[CUDA] Update Flash Attention Implementation and APIs (#26937)
## Summary
This PR updates the Flash Attention implementation in ONNX Runtime,
syncing with newer kernel sources in
https://github.com/Dao-AILab/flash-attention, and extending the internal
API to support additional features required for advanced caching
scenarios. It also aligns specific kernels with the official
implementation.
## Changes
- **Flash Attention Kernels**: Updated/Added Flash Attention forward
kernels and headers in
`onnxruntime/contrib_ops/cuda/bert/flash_attention/`.

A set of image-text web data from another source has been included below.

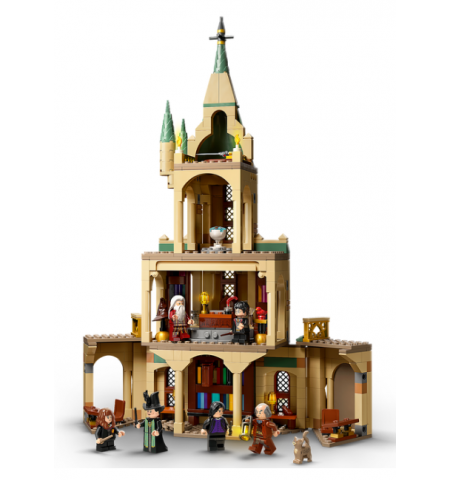 Lego Harry Potter 76402 Конструктор Кабинет Дамблдора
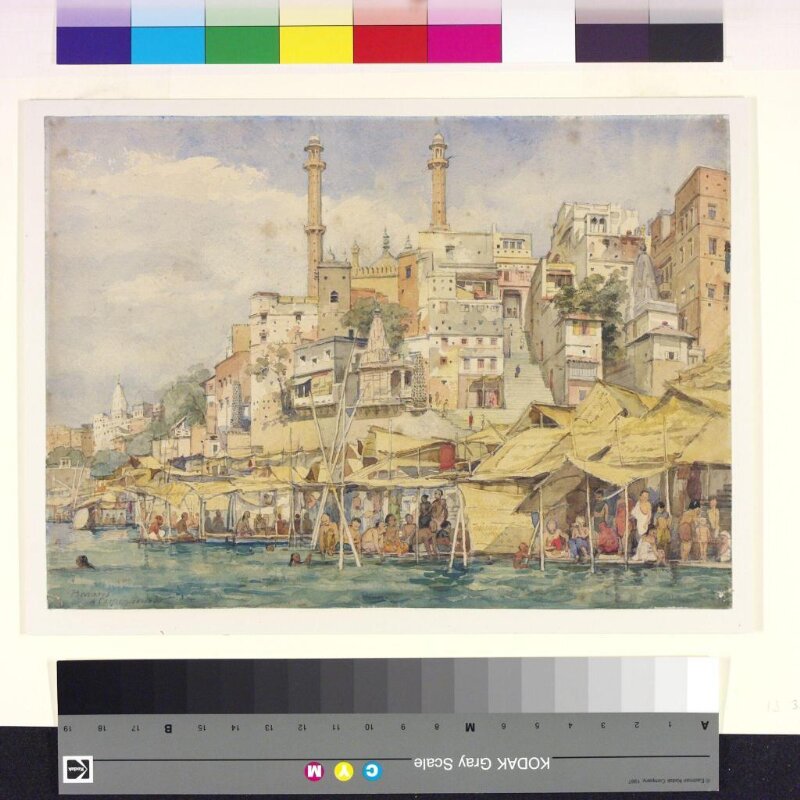 Benares (varanasi)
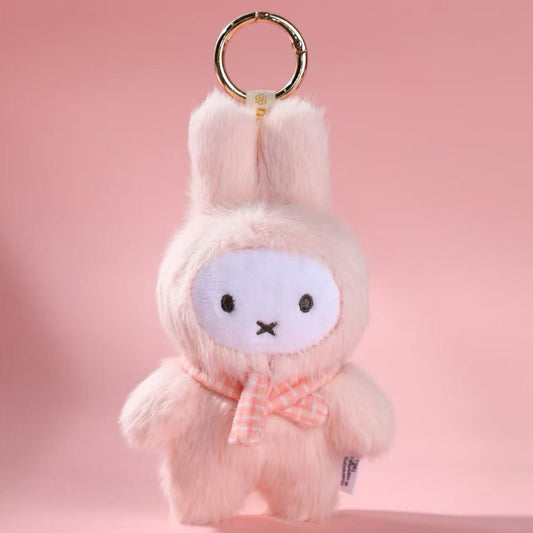 MIFFY PLUSH KEYCHAIN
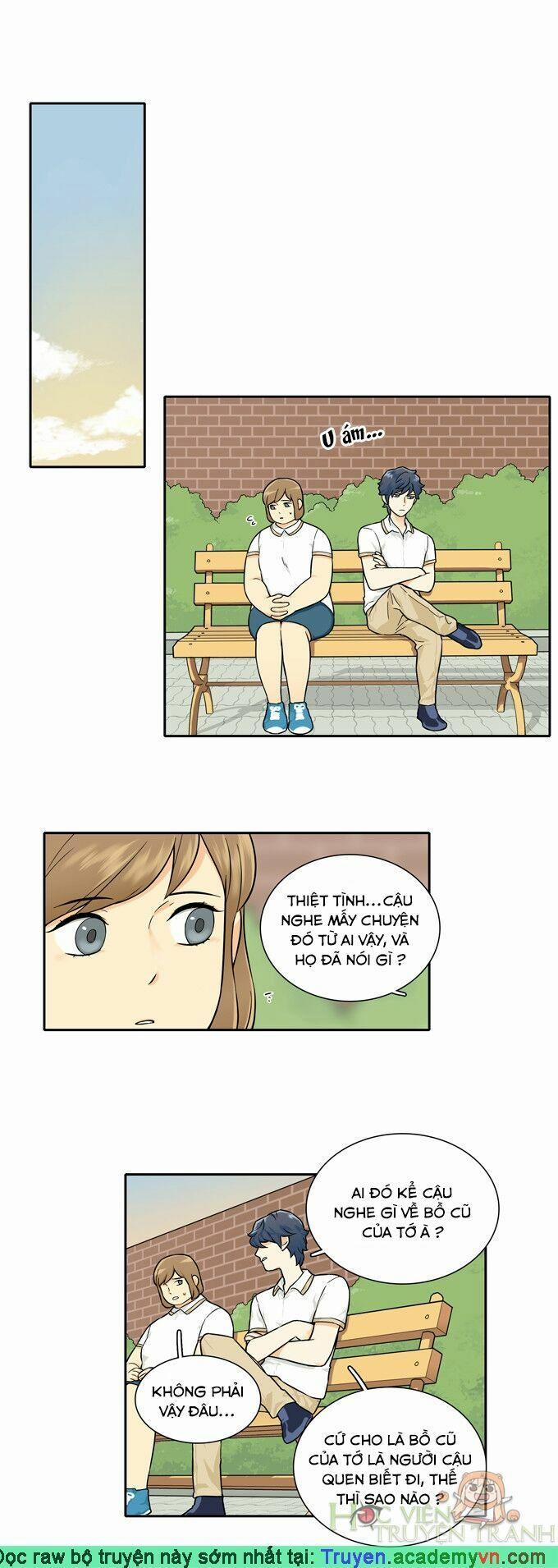 Cherry Boy, That Girl 61 trang 1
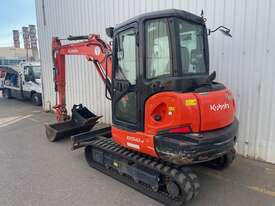 Kubota KX 040-4G Excavator - picture1' - Click to enlarge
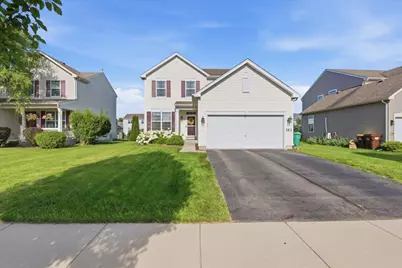 163 Easton Drive, Gilberts, IL 60136 - Photo 1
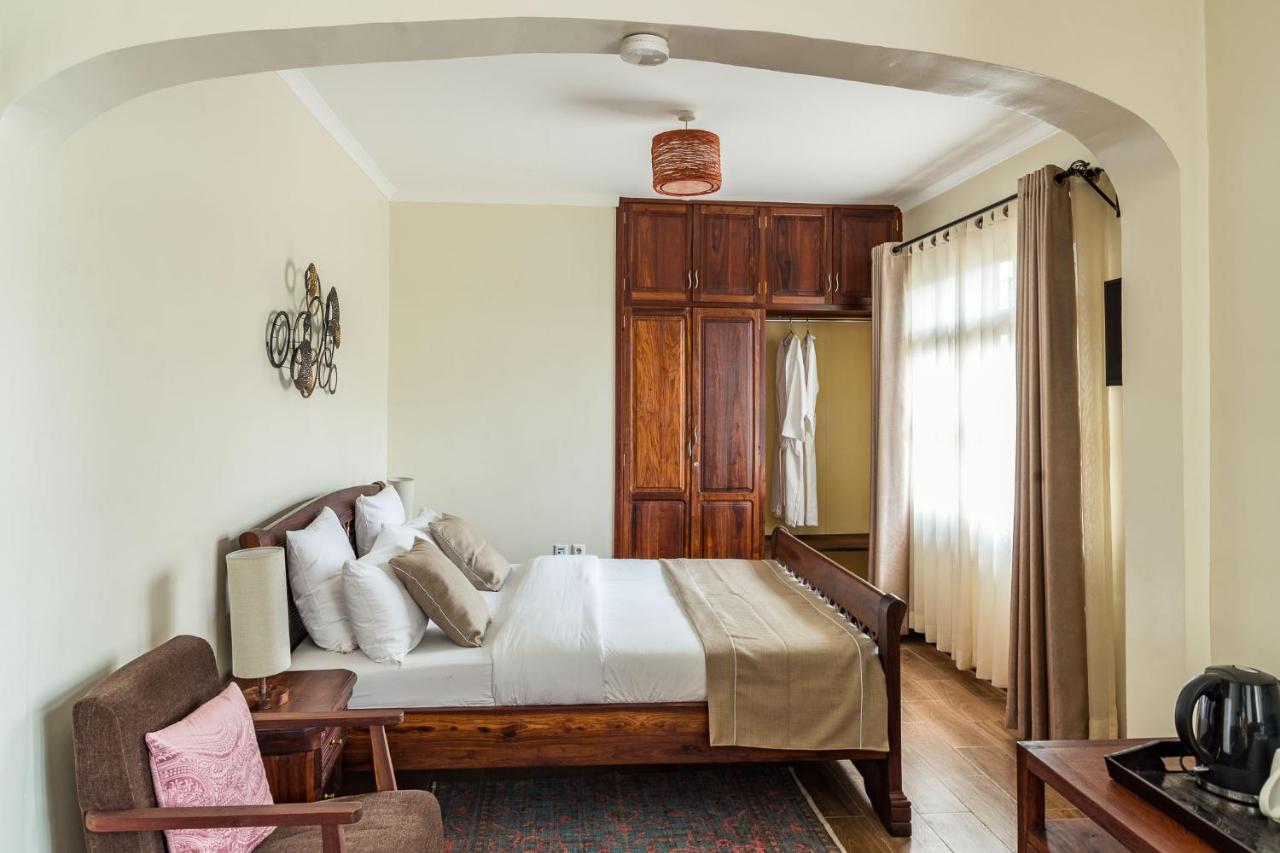 Villa Arumeru Arusza Zewnętrze zdjęcie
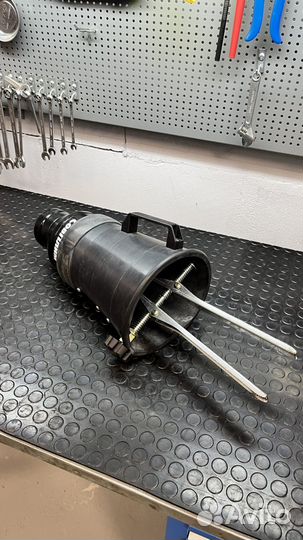 Удаления выхлопных газов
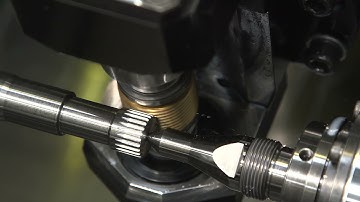 heimatec.Hobbing - Fine Profile (Application)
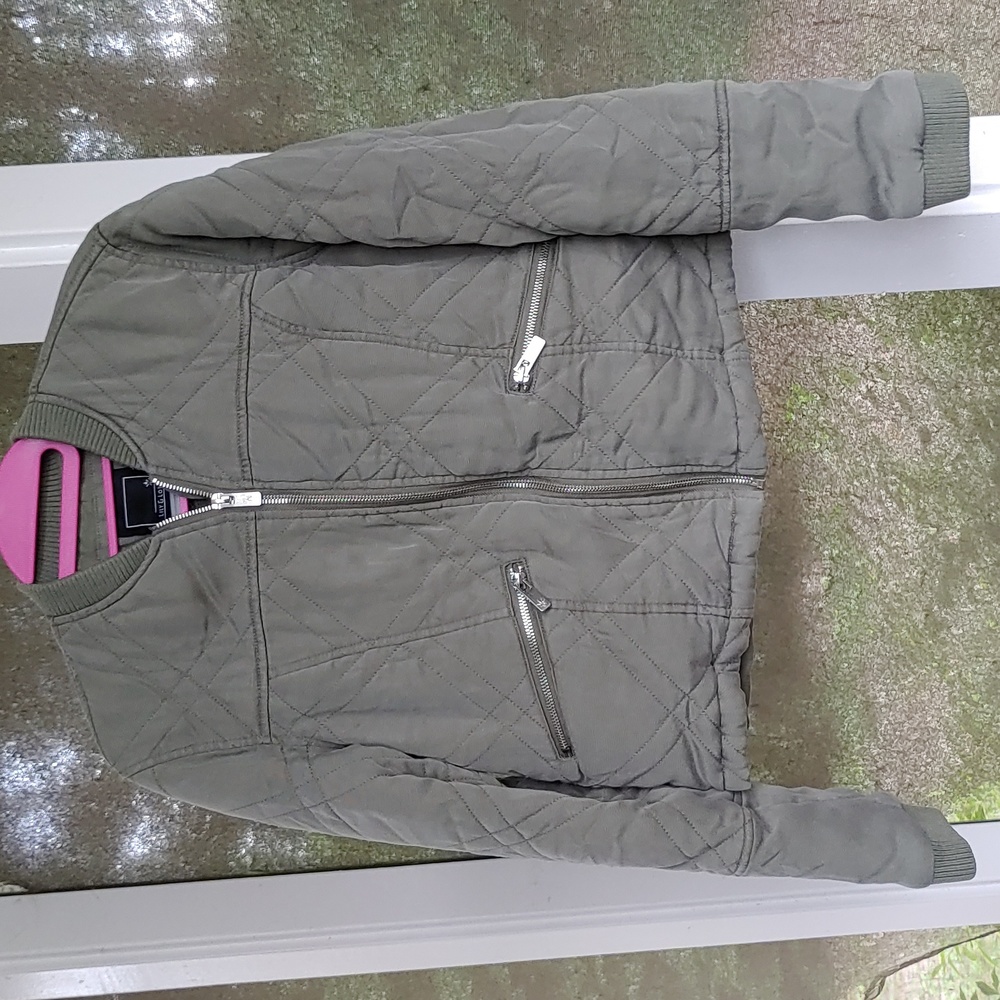 Lily& Lottie jacket. Size small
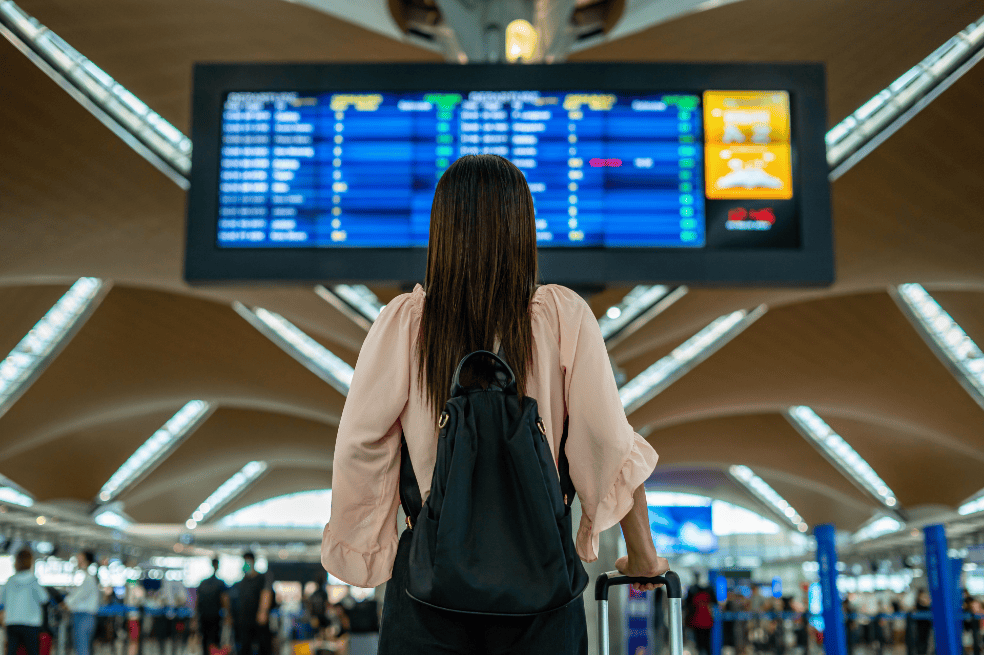 Medio Oriente desempeña un papel vital en los viajes globales, ya que la región representa el 5% de las llegadas internacionales a nivel mundial y el 14% del tráfico internacional de tránsito.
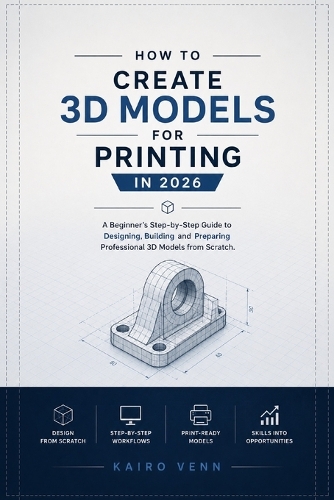 How to Create 3D Models for Printing in 2026
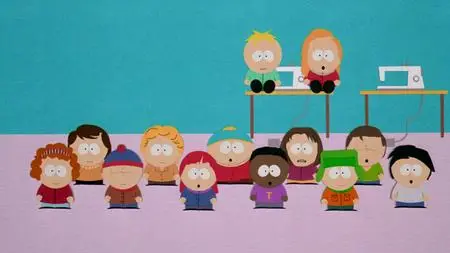 South Park: Bigger, Longer & Uncut (1999)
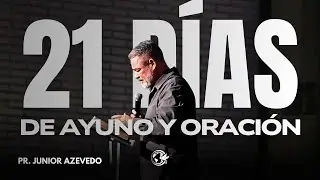 19 dia da campanha de jejum e oração. MISSÃO E VIDA.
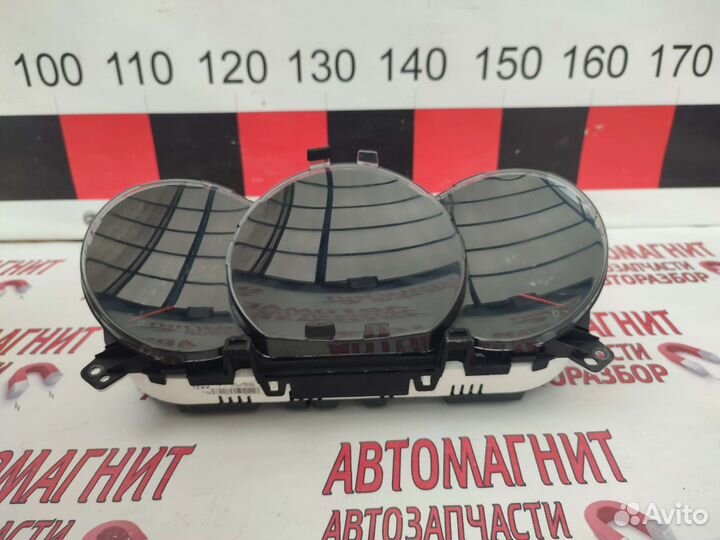 Панель приборов Киа Сид 2 JD Supervision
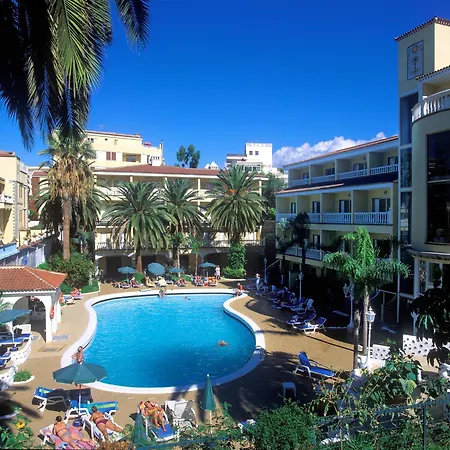 Rf San Borondon Otel 3*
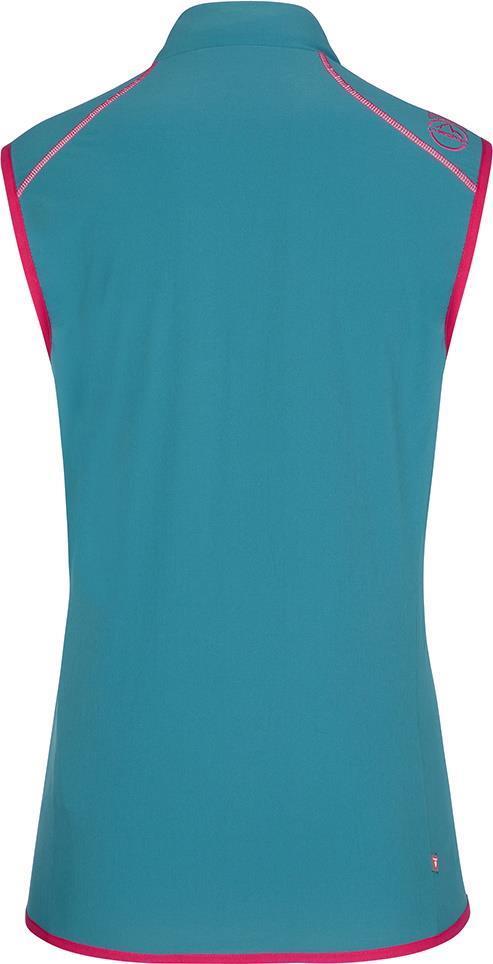 Alya Vest - Womens - Celadon / Alpine 2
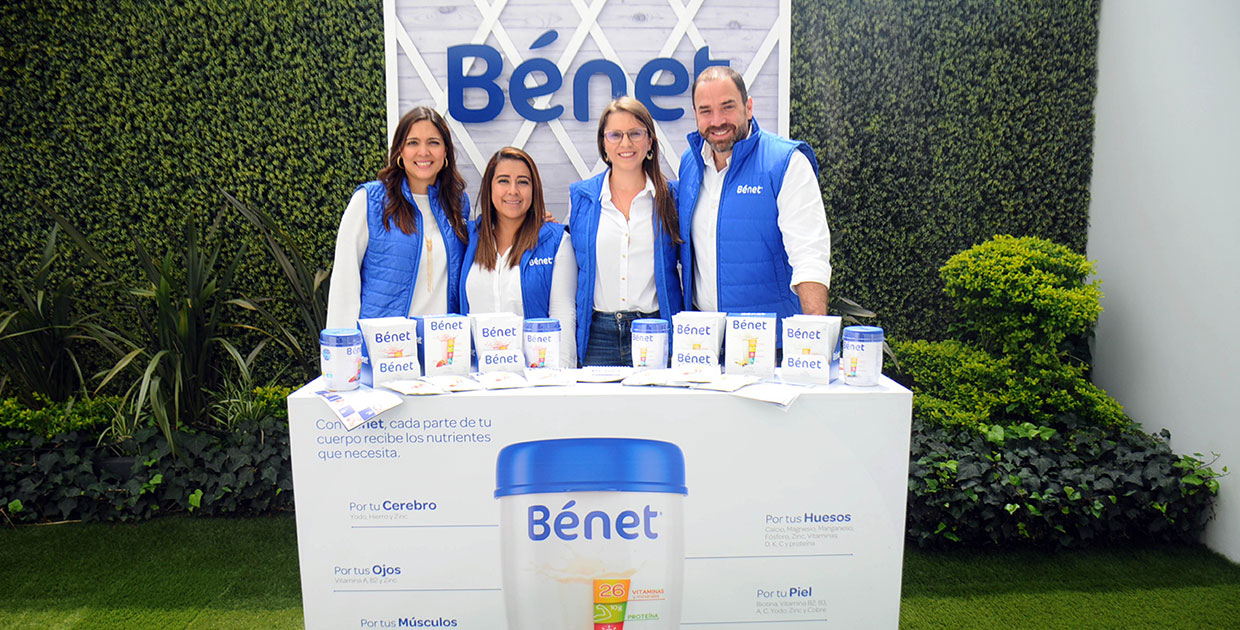 Bénet para minimizar las deficiencias nutricionales de la población guatemalteca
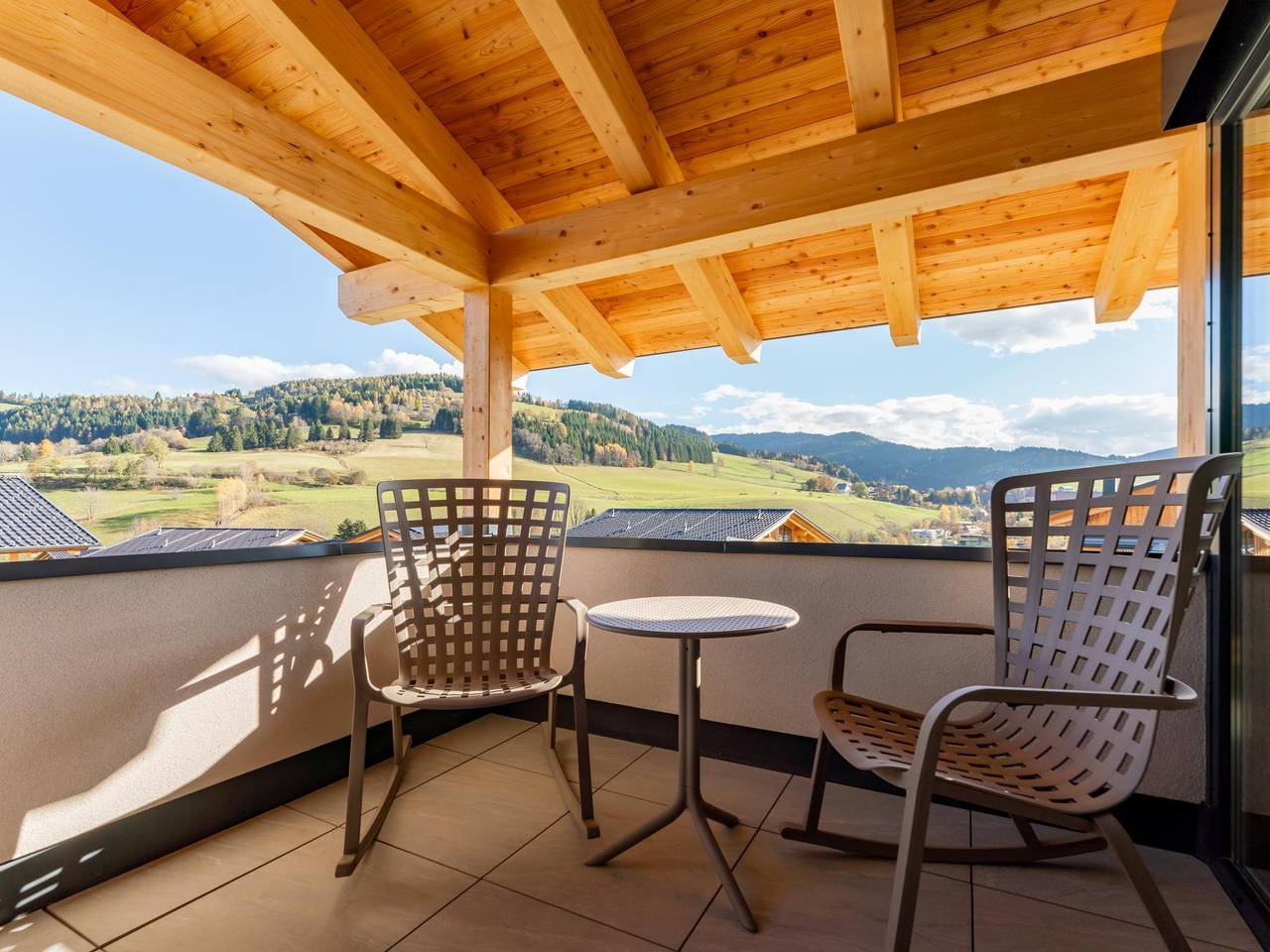 Schönes Ferienhaus direkt an der Piste gelegen in St. Lambrecht, Murau (Kreischberg)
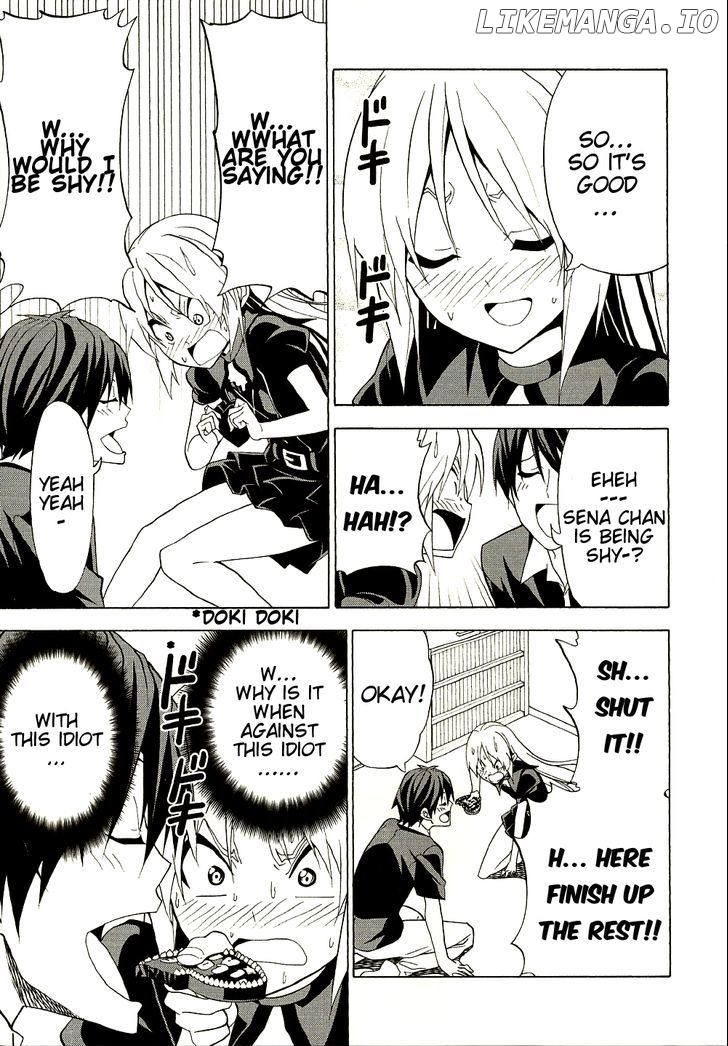 Mangaka-san to Assistant-san to chapter 91 - page 7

- **API Extension**: Updated `mha_fwd` and `mha_fwd_kvcache` in
`flash_api.h` and `flash_api.cc` to accept two new optional parameters:
- `cache_batch_idx`: Indices to index into the KV cache (support for
non-contiguous batch indices).
- `leftpad_k`: Support for left-padding in the key sequence.
- **Alignment & Fixes**:
- **Cleanup**: Removed redundant `kInfinity` definition in
`flash_fwd_kernel.h`.
- **Includes**: Added missing
`<core/providers/cuda/shared_inc/cuda_call.h>` in
`flash_fwd_launch_template.h`.
- **Integration**: Updated `group_query_attention_impl.cu` to align with
the new `mha_fwd_kvcache` signature.
- **Build Configuration**: Adjusted `onnxruntime_providers_cpu.cmake` to
update the exclusion list for Flash Attention kernels in quick build
mode.
## Implementation Details
- The `run_mha_fwd` helper now checks if `cache_batch_idx` is provided
alongside `k_new` to determine if the split kernel should be forced.
- New parameters are propagated through the call stack to the underlying
Flash Attention kernels.